= To do =
Transcribe each record below character for character.

= Provided entries =
○ ○ ○ ○ ○ ○ ○
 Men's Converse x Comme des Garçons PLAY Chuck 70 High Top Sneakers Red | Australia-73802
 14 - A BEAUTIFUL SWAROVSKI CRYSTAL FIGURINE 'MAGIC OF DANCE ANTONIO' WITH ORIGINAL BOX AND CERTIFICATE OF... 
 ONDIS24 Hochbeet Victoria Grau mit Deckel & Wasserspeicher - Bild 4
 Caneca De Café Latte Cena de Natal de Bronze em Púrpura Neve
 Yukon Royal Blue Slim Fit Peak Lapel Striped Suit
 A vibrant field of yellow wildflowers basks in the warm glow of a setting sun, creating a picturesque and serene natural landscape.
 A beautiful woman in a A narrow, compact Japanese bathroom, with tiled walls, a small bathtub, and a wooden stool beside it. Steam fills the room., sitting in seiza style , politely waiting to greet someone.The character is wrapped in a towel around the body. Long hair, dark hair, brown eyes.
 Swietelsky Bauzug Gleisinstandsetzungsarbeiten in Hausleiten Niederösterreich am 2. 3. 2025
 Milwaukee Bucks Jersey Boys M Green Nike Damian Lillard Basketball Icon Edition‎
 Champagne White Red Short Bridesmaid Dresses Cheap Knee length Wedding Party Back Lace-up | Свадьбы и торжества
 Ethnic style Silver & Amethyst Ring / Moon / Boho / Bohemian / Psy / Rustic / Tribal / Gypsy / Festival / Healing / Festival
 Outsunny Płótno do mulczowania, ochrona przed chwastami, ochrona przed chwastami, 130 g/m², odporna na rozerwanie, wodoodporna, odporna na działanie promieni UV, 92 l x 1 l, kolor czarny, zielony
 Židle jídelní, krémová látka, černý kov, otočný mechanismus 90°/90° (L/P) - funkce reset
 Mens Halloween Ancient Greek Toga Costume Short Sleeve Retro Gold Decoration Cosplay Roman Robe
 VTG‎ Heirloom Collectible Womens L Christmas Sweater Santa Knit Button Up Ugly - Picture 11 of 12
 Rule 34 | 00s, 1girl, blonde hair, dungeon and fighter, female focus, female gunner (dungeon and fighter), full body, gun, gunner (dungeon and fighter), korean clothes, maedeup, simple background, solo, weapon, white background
○ ○ ○ ○ ○ ○ ○
= Answer section =
 Men's Converse x Comme des Garçons PLAY Chuck 70 High Top Sneakers Red | Australia-73802
 14 - A BEAUTIFUL SWAROVSKI CRYSTAL FIGURINE 'MAGIC OF DANCE ANTONIO' WITH ORIGINAL BOX AND CERTIFICATE OF... 
 ONDIS24 Hochbeet Victoria Grau mit Deckel & Wasserspeicher - Bild 4
 Caneca De Café Latte Cena de Natal de Bronze em Púrpura Neve
 Yukon Royal Blue Slim Fit Peak Lapel Striped Suit
 A vibrant field of yellow wildflowers basks in the warm glow of a setting sun, creating a picturesque and serene natural landscape.
 A beautiful woman in a A narrow, compact Japanese bathroom, with tiled walls, a small bathtub, and a wooden stool beside it. Steam fills the room., sitting in seiza style , politely waiting to greet someone.The character is wrapped in a towel around the body. Long hair, dark hair, brown eyes.
 Swietelsky Bauzug Gleisinstandsetzungsarbeiten in Hausleiten Niederösterreich am 2. 3. 2025
 Milwaukee Bucks Jersey Boys M Green Nike Damian Lillard Basketball Icon Edition‎
 Champagne White Red Short Bridesmaid Dresses Cheap Knee length Wedding Party Back Lace-up | Свадьбы и торжества
 Ethnic style Silver & Amethyst Ring / Moon / Boho / Bohemian / Psy / Rustic / Tribal / Gypsy / Festival / Healing / Festival
 Outsunny Płótno do mulczowania, ochrona przed chwastami, ochrona przed chwastami, 130 g/m², odporna na rozerwanie, wodoodporna, odporna na działanie promieni UV, 92 l x 1 l, kolor czarny, zielony
 Židle jídelní, krémová látka, černý kov, otočný mechanismus 90°/90° (L/P) - funkce reset
 Mens Halloween Ancient Greek Toga Costume Short Sleeve Retro Gold Decoration Cosplay Roman Robe
 VTG‎ Heirloom Collectible Womens L Christmas Sweater Santa Knit Button Up Ugly - Picture 11 of 12
 Rule 34 | 00s, 1girl, blonde hair, dungeon and fighter, female focus, female gunner (dungeon and fighter), full body, gun, gunner (dungeon and fighter), korean clothes, maedeup, simple background, solo, weapon, white background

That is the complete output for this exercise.